§ Assignment: Everything in the listing should be set down exactly, apart from the pictures.

§ Provided data:
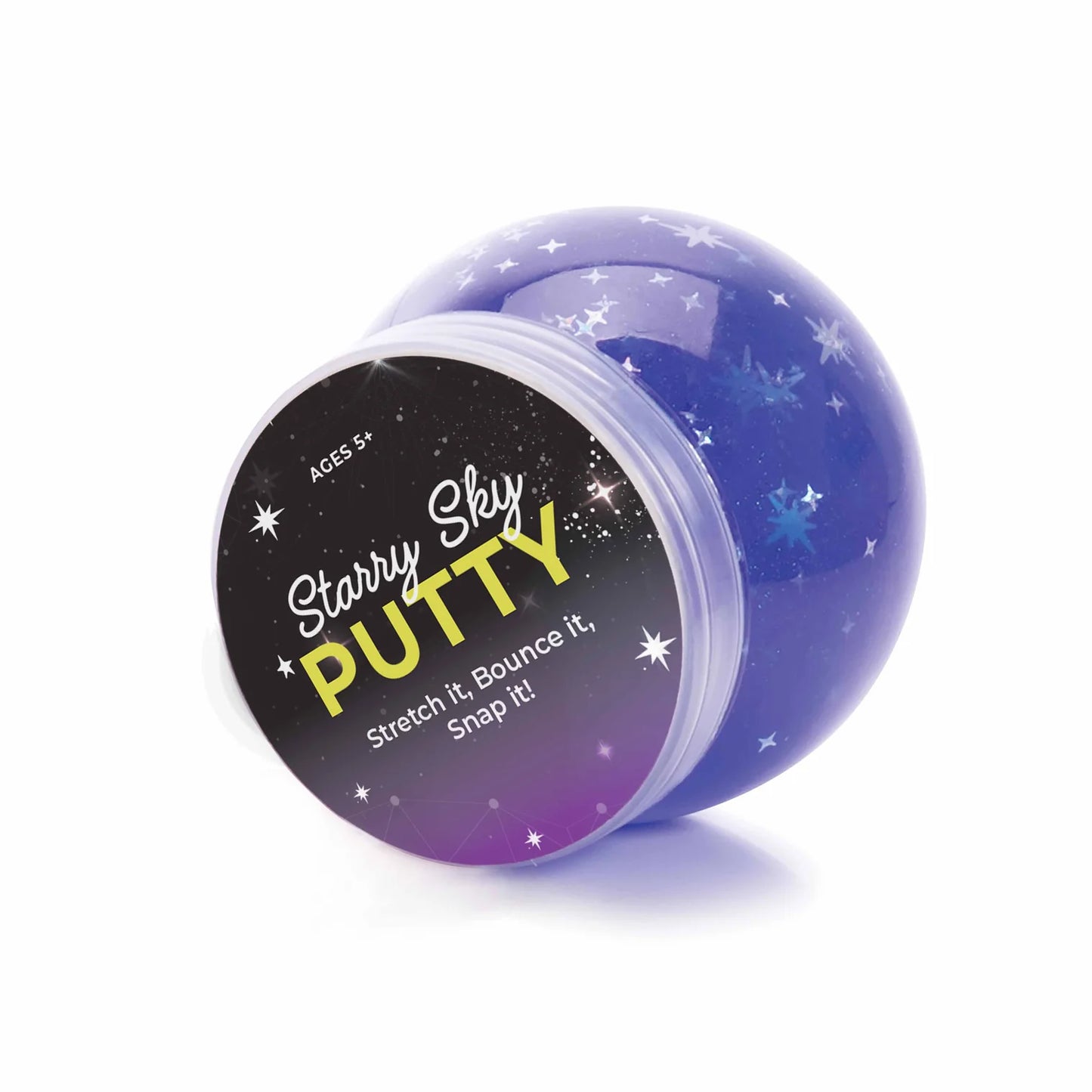 Starry Sky Putty- Assorted Colours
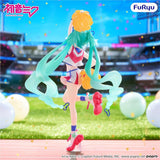 Furyu Hatsune Miku Muchute Cheerleader Ver. Figur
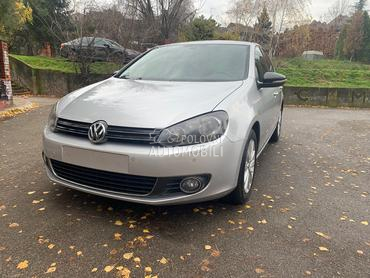 Volkswagen Golf 6 1.2 style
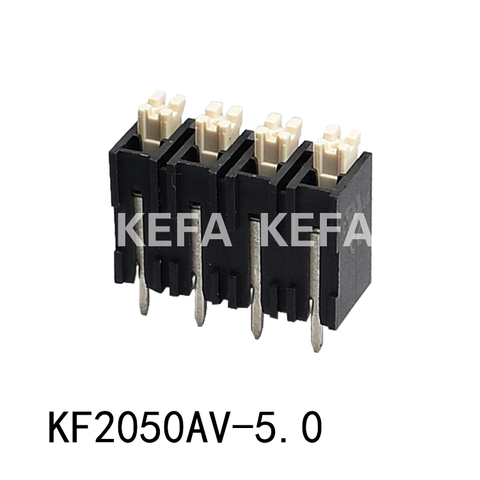 KF2050AV-5.0/5.08 SMT terminal block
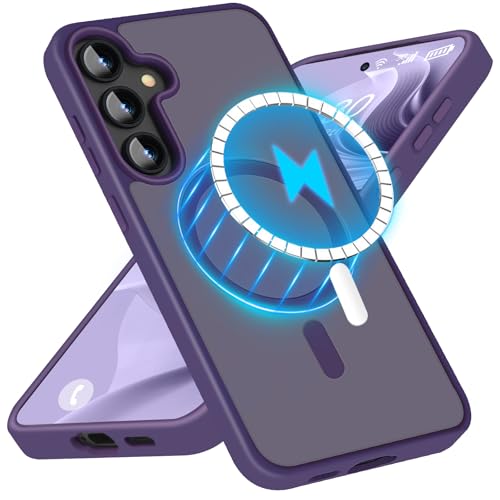 Coque Samsung A55 5G MagSafe pour éviter les rayures et les chocs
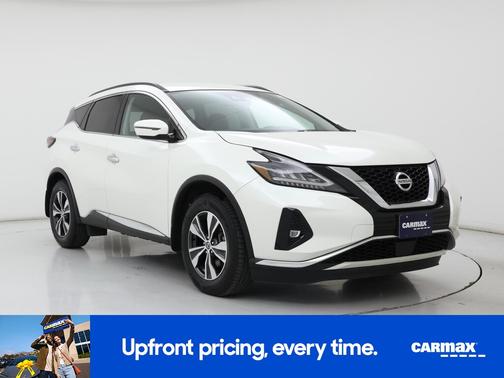 2022 Nissan Murano SV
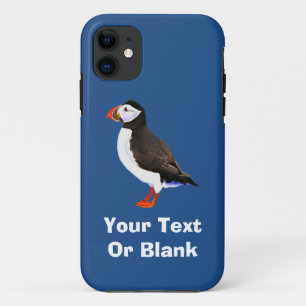 Atlantic Puffin iPhone 11 Hoesje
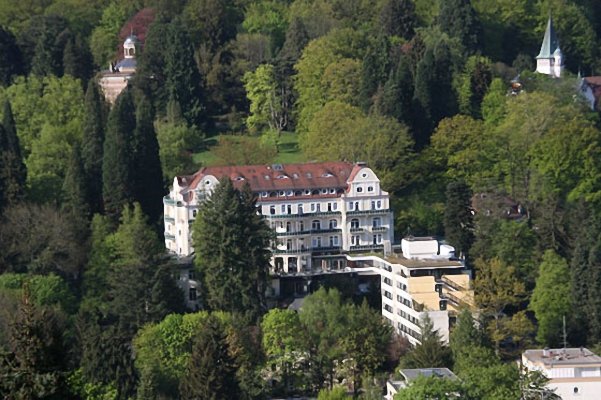 Лечение в германии - baden-medservice.com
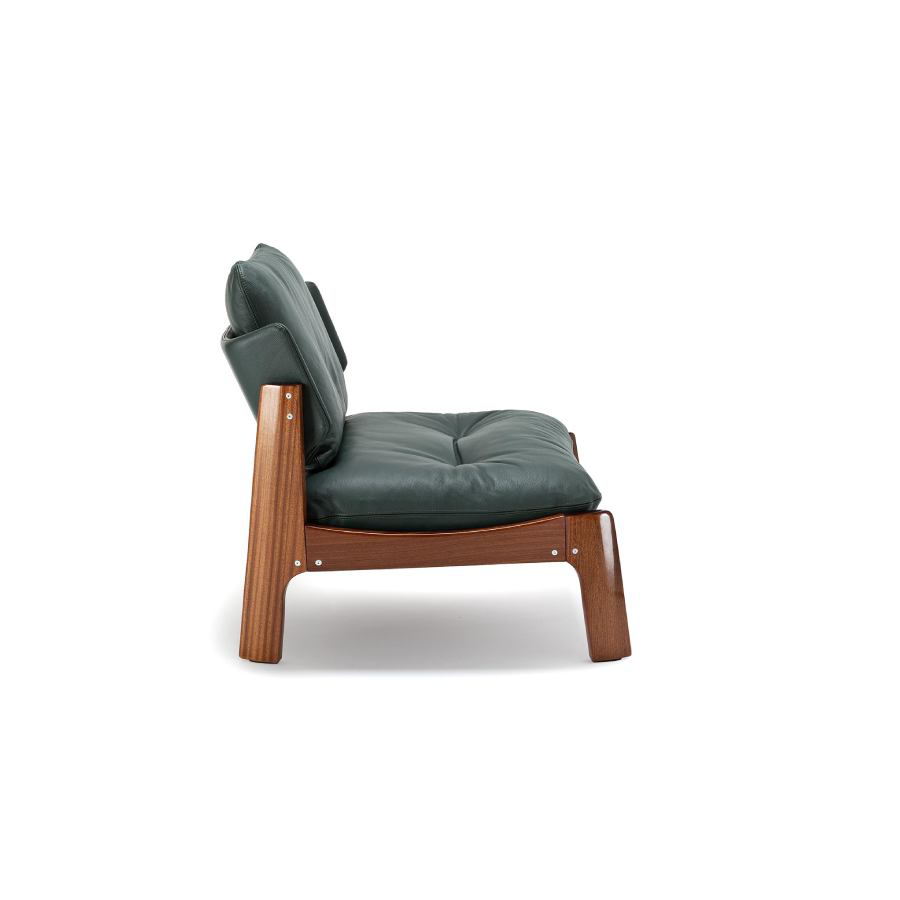 Eco Friendly Armchair with Interlocking Design HINTEX Home Interior Exterior Building Materials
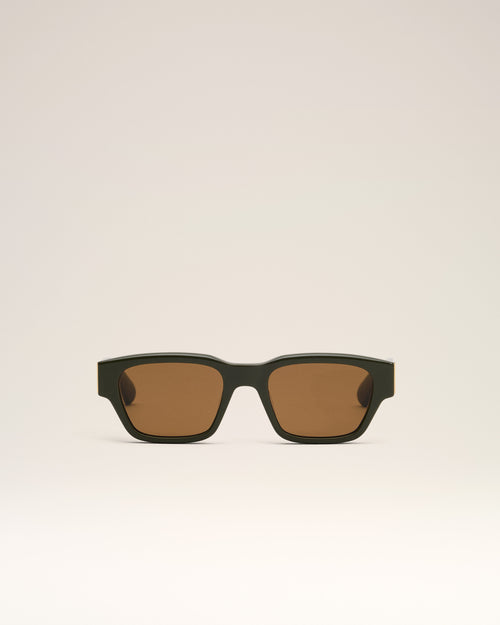 Khaki 75009 Sunglasses - 5 - Ami Paris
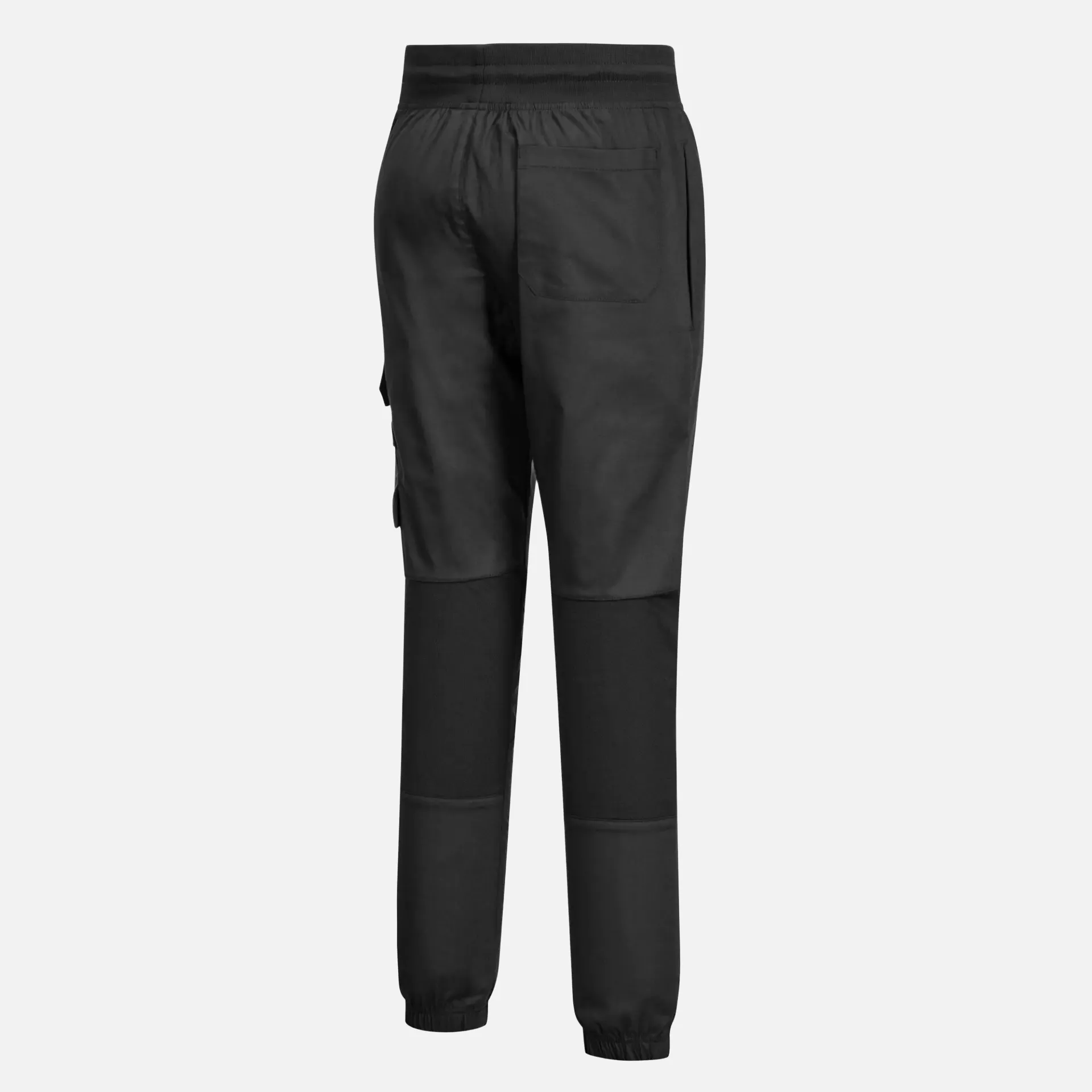 Portwest C074BKR, Chef's MeshAir Pro Stretch Joggers, Black, image 3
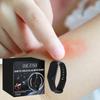 Ultrasonic Mosquito Repellent Wristband Wearable Wrist Band Physical Insect Trap Mosquito Repellent Watch for Kid Pregnant Women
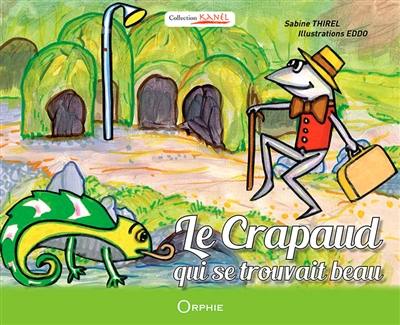 Le crapaud qui se trouvait beau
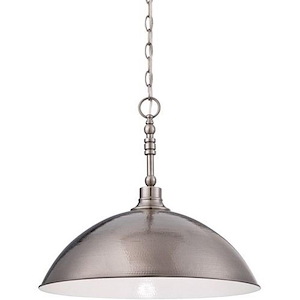 Timarron - One Light Large Pendant - 20 inches wide by 17.75 inches high - 603082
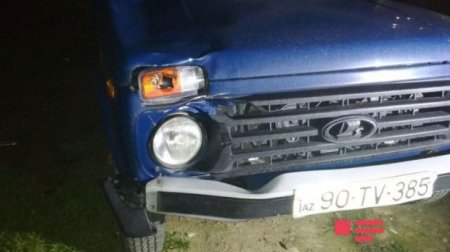 Bakıda maşın məşhur travmatoloqu vurub öldürdü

§ Solution to the exercise:
 Starry Sky Putty- Assorted Colours
 Furyu Hatsune Miku Muchute Cheerleader Ver. Figur
 Volkswagen Golf 6 1.2 style
 KF2050AV-5.0/5.08 SMT terminal block
 Coque Samsung A55 5G MagSafe pour éviter les rayures et les chocs
 2022 Nissan Murano SV
 Atlantic Puffin iPhone 11 Hoesje
 Лечение в германии - baden-medservice.com
 Eco Friendly Armchair with Interlocking Design HINTEX Home Interior Exterior Building Materials
 Khaki 75009 Sunglasses - 5 - Ami Paris
 Portwest C074BKR, Chef's MeshAir Pro Stretch Joggers, Black, image 3
 Ultrasonic Mosquito Repellent Wristband Wearable Wrist Band Physical Insect Trap Mosquito Repellent Watch for Kid Pregnant Women
 Le crapaud qui se trouvait beau
 Timarron - One Light Large Pendant - 20 inches wide by 17.75 inches high - 603082
 Bakıda maşın məşhur travmatoloqu vurub öldürdü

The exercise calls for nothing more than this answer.